_Exercise goal_
A line below contains "MA license plate 317BU1", and a later one contains "Gift Valentine's Eve". Repeat both, with every line between them, exactly.

*** Source data

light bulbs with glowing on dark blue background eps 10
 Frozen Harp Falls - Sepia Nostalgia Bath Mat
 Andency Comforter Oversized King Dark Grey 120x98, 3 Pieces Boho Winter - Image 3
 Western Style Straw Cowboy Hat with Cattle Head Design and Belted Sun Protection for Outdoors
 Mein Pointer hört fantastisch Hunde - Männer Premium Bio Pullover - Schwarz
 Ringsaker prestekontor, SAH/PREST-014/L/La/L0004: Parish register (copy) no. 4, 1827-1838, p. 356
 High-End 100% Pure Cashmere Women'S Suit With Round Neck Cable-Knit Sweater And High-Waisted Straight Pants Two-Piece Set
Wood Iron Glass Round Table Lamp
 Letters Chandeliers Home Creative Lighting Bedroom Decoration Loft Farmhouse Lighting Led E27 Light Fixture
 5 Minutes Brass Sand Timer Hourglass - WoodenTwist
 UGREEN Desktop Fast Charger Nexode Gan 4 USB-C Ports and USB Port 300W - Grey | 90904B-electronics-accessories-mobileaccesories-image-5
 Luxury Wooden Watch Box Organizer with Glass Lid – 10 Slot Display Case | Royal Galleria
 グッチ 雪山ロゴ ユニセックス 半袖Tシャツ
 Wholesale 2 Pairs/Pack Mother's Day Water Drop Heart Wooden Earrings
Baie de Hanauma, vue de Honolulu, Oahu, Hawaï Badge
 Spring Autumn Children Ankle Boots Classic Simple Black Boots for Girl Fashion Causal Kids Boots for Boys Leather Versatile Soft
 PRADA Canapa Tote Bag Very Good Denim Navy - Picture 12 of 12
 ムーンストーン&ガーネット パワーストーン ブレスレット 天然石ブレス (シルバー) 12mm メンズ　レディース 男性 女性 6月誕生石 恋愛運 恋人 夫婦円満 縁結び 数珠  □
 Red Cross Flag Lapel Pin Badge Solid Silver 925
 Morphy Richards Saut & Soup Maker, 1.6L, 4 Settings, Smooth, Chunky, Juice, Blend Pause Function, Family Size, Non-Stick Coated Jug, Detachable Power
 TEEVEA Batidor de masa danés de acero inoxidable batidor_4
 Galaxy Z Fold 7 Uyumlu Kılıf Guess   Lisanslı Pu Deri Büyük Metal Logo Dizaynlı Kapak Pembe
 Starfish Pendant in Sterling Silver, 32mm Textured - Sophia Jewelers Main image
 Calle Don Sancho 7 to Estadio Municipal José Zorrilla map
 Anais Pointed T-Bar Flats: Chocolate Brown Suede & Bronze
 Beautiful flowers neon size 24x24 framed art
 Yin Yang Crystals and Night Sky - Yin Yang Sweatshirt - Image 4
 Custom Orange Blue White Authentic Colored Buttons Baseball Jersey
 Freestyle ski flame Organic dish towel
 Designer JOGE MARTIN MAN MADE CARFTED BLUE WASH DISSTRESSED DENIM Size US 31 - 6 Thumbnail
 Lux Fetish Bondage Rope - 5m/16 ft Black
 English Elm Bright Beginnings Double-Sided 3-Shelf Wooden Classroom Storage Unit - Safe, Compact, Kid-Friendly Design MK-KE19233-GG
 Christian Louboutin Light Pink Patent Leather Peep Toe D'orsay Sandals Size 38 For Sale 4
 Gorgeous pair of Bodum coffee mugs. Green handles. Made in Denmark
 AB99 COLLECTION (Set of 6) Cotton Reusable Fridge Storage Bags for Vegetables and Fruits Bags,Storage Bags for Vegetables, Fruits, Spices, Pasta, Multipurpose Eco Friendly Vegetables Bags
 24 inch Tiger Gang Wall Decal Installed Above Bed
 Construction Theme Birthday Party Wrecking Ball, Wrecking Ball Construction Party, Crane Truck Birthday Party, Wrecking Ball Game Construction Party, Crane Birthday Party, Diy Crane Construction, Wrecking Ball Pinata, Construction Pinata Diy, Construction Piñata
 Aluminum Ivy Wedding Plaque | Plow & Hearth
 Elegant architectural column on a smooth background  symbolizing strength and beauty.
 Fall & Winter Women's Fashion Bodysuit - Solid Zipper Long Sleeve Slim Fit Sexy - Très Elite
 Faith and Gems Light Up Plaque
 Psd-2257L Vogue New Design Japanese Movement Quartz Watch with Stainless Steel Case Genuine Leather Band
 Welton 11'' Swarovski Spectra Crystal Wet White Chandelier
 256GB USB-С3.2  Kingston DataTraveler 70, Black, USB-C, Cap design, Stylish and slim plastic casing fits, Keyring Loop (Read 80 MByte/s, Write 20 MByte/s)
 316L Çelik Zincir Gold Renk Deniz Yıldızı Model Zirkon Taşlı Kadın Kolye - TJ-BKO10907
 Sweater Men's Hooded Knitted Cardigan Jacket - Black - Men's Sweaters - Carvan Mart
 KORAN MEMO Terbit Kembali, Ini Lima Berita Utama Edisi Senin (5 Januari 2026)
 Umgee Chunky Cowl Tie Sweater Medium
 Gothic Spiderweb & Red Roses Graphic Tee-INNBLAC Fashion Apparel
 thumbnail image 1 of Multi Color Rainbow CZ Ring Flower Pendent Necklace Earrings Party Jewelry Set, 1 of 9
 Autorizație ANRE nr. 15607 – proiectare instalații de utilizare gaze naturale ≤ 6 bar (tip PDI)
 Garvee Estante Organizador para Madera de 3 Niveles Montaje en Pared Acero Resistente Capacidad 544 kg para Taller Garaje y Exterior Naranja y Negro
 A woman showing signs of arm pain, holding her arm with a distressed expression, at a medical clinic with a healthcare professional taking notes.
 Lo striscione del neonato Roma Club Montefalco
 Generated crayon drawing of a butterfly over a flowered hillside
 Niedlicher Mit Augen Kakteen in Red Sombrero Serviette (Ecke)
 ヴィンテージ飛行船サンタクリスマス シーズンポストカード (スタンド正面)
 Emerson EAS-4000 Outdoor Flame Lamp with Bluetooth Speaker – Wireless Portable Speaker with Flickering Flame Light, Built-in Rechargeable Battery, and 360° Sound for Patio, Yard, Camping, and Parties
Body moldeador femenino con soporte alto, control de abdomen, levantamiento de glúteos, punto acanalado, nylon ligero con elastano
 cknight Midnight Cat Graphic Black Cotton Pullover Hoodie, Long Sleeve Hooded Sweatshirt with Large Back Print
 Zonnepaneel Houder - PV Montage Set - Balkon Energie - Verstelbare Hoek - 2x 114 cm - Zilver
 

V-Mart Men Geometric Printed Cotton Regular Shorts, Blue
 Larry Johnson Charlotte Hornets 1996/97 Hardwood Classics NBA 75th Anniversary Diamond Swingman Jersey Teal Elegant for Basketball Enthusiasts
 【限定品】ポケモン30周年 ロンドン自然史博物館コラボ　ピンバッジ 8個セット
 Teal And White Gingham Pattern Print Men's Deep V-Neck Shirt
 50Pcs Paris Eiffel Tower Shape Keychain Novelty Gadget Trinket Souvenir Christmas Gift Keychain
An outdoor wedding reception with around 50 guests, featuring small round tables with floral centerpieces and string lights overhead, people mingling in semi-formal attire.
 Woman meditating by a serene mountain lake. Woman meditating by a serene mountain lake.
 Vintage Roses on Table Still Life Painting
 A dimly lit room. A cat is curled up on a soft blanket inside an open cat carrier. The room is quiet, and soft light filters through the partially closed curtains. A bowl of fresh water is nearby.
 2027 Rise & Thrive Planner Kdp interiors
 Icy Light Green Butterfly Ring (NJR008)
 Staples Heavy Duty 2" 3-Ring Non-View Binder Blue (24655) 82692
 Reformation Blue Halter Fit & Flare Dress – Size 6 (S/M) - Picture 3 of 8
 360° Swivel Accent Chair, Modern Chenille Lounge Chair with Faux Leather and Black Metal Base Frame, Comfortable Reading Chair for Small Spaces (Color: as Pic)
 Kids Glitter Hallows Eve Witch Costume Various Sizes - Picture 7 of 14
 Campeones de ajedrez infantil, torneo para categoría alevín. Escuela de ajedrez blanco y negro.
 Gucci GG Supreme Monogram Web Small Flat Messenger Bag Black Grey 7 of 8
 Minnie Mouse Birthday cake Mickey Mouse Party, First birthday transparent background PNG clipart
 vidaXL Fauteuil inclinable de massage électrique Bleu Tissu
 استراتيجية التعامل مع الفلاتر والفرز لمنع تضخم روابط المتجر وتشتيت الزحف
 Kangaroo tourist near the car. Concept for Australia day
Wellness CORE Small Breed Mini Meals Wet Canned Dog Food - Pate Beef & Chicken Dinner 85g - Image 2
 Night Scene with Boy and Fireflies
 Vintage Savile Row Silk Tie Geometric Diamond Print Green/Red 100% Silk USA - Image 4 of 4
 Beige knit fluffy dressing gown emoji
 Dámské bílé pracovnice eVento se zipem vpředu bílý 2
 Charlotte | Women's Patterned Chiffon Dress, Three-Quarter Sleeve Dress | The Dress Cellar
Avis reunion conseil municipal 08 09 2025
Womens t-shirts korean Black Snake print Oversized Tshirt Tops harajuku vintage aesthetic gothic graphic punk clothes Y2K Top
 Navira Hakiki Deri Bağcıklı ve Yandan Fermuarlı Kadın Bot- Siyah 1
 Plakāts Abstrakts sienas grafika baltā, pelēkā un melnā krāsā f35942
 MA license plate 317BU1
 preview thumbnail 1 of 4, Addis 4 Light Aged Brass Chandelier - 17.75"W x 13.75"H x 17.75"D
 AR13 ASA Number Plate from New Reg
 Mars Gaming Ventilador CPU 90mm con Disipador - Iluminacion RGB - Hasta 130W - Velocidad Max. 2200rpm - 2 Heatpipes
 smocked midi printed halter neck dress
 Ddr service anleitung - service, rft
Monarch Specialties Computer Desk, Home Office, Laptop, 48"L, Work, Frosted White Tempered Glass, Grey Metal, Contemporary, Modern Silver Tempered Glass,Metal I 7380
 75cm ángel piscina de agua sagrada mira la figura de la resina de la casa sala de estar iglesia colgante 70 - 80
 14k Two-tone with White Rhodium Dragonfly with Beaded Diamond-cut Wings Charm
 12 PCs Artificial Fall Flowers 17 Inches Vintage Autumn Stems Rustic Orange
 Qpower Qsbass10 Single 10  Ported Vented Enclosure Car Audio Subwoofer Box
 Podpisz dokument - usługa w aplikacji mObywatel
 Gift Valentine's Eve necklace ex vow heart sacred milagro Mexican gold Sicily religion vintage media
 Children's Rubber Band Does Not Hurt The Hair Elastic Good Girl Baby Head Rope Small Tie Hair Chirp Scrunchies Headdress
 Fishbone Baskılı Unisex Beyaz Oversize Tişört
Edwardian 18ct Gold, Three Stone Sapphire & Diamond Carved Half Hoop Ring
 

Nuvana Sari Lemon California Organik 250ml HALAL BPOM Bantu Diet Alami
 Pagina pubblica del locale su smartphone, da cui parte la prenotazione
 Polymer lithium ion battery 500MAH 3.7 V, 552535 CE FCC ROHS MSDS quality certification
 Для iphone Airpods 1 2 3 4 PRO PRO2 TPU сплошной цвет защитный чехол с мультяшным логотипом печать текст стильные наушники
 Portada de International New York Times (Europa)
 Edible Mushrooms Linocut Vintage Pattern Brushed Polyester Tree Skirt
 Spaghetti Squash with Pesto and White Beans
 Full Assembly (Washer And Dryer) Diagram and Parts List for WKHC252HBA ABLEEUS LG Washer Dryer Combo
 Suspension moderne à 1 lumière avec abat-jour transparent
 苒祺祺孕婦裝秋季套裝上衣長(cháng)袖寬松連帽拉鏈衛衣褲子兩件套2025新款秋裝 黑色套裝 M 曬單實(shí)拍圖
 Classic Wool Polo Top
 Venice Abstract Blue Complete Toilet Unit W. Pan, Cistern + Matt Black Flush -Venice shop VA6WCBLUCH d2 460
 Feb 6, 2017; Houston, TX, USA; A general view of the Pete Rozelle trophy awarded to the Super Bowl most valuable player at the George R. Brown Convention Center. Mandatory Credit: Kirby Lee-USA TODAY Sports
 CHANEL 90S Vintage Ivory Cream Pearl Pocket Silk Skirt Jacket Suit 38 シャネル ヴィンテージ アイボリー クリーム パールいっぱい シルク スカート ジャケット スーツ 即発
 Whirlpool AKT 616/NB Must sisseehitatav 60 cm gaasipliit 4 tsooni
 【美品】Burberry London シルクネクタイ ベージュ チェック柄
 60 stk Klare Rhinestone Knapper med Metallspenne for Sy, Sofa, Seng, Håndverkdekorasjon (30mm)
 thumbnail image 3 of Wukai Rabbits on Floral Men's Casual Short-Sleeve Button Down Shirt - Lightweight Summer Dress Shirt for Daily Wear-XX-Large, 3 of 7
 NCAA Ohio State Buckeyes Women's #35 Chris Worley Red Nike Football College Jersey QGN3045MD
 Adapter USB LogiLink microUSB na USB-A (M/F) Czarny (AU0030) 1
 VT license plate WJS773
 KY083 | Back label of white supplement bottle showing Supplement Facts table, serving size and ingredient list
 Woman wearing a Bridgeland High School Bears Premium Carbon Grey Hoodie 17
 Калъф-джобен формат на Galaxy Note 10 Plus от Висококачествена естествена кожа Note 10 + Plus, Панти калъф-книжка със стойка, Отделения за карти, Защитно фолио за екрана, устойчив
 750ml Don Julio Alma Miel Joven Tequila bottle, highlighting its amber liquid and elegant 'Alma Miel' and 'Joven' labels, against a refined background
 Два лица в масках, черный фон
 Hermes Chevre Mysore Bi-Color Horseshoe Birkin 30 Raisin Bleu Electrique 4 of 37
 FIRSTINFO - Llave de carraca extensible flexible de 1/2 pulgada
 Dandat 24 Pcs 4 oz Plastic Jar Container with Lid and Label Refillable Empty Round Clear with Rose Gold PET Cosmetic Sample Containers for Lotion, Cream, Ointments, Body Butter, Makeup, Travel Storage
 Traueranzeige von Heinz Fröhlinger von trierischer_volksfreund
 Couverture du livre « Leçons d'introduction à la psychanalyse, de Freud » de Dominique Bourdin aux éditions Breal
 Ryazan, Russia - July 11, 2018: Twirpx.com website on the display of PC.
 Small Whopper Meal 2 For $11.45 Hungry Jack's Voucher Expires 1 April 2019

******

_Written response_
 MA license plate 317BU1
 preview thumbnail 1 of 4, Addis 4 Light Aged Brass Chandelier - 17.75"W x 13.75"H x 17.75"D
 AR13 ASA Number Plate from New Reg
 Mars Gaming Ventilador CPU 90mm con Disipador - Iluminacion RGB - Hasta 130W - Velocidad Max. 2200rpm - 2 Heatpipes
 smocked midi printed halter neck dress
 Ddr service anleitung - service, rft
Monarch Specialties Computer Desk, Home Office, Laptop, 48"L, Work, Frosted White Tempered Glass, Grey Metal, Contemporary, Modern Silver Tempered Glass,Metal I 7380
 75cm ángel piscina de agua sagrada mira la figura de la resina de la casa sala de estar iglesia colgante 70 - 80
 14k Two-tone with White Rhodium Dragonfly with Beaded Diamond-cut Wings Charm
 12 PCs Artificial Fall Flowers 17 Inches Vintage Autumn Stems Rustic Orange
 Qpower Qsbass10 Single 10  Ported Vented Enclosure Car Audio Subwoofer Box
 Podpisz dokument - usługa w aplikacji mObywatel
 Gift Valentine's Eve necklace ex vow heart sacred milagro Mexican gold Sicily religion vintage media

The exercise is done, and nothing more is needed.